Nel racconto Pascarella accenna minuziosamente alla "Zulufràga", alla "Fossa agliu mont", al viaggio effettuato a dorso d'asino attraverso le nostre contrade per recarsi a Monte S. Giovanni Campano in occasione della festa della Madonna del Suffragio, all'altro viaggio a piedi da Fontana Liri a Santopadre, passando per la contrada Santo Spirito. Pascarella ha dentro di sé sangue ciociaro, anche se la Ciociaria lo lascia per lo più indifferente: non si entusiasma, né sì commuove di fronte alla genuinità e alla semplicità dei costumi, delle usanze, degli atteggiamenti e dei sentimenti della nostra gente e mette in risalto, con fine umorismo, i discorsi vuoti, l'ignoranza, la superstizione e le battute ingenue e sempre sgrammaticate del contadino di qui, nei cui confronti assume un'aria distaccata e di manifesta sufficienza. Ciò nonostante Fontana Liri è fiera di questo poeta che, figlio di un fontanese, ebbe rapporti culturali e di amicizia con i maggiori artisti e letterati del suo tempo. Godette pure, in particolare, dell'amicizia di Giosuè Carducci, che affermò: ‘Non mai poesia di dialetto italiano era salita a quest'altezza’ ". Questi appunti di viaggio furono pubblicati a puntate sul periodico Capitan Fracassa nel 1882, e in seguito come opera completa nel 1914. Il testo è di difficile reperibilità, noi ne abbiamo ritrovati alcuni brevi estratti, tra lo scherzoso e il triste, che abbiamo il piacere di proporvi.
L’Arciprete Il sole tramontava dietro l’Ara degliu Volupitto mentre io e l’Arciprete di Fontana Liri, seduti al fresco, sotto gli olmi della Fontana a balle, parlavamo della festa che doveva essere celebrata a Monte San Giovanni Campano per commemorare il cinquantenario della Madonna Santissima del Sufragio; festa della quale si discorreva già da tanto tempo in tutte le farmacie e in tutte le sacrestie di tutta la diocesi di Veroli. L’Arciprete, dopo di aver speso molte parole, qualcuna anche in lingua latina! Per invogliarmi ad andarci si alzò, ed aprendo le braccia in atto di meraviglia, finì col dirmi che la festa sarebbe stata una festa di tre bande. - di tre bande? - Di tre bande! – ripeté l’Arciprete, e pronunciando le tre parole lentamente, in modo che fra l’una e l’altra ci fosse una breve pausa, piegò la persona sul lato estro; sprofondò la mano grassa nella tasca della sottana; ne trasse una scatolina di madreperla sul cui coperchio era dipinta una immagine dell’Addolorata; l’aprì, vi ficcò dentro il pollice e l’indice, e s’empì il naso di tabacco.
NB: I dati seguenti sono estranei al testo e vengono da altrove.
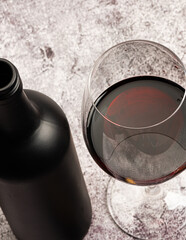 red wine served in a crystal glass with a bottle beside it and corkscrew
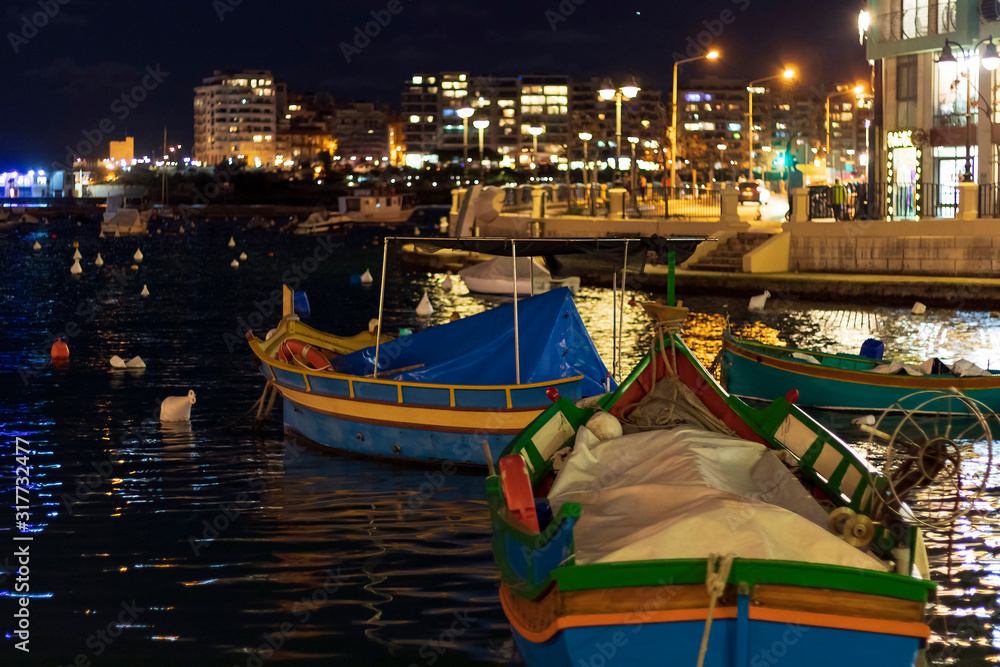 Colorful boats on the water of mediterranean sea bay in Malta at dark night with artificial lights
Io gli lasciai compiere la delicata operazione e poi gli chiesi quale sarebbe stato a suo giudizio il mezzo migliore per andarci a codesta festa, ed egli, dopo aver starnutato tre volte mi rispose: - L’asino.
Mater Dolorosa Prima di lasciare la boscaglia di castagni, entrammo in una chiesetta, vicina a poche casupole di contadini, e vi trovammo su due panche coperte di fiori, fra due candele, una bambina morta. Ella era tutta vestita di seta e intorno al collo aveva avvolti due vezzi di coralli rossi. Due grandi orecchini d’oro a cerchio le pendevano dai lobi degli orecchi, rilucendo su le guance cenerognole: fra le manine incrociate sul petto teneva un crocifisso d’argento. Vicino alla coltrice improvvisata, una donna accovacciata in terra agitava un ramoscello di rosmarino, scacciando le vespe e le mosche, che come punti d’oro, vibranti nell’aria sciamavano attorno alla morticina: me le avvicinai per darle qualche soldo ma la disgraziata crollò le spalle e si nascose il volto tra le mani. Quel rifiuto mi arrivò al core. Uscii dalla chiesetta e vi rientrai con un mazzo di ciclamini. Mentre li stavo spargendo sulla morticina, due contadini si fermarono sulla porta e guardarono dentro. Dopo un istante il più vecchio alzando la voce e le spalle disse alla donna, che scoteva sempre nell’aria il ramoscello di rosmarino: _ Fulomè! … nun ce pensà, ca chilo c’à fatto chessa ne fa n’auta! La poveretta nascose ancora una volta il viso tra le mani, e i contadini si allontanarono e sparirono nel folto del bosco.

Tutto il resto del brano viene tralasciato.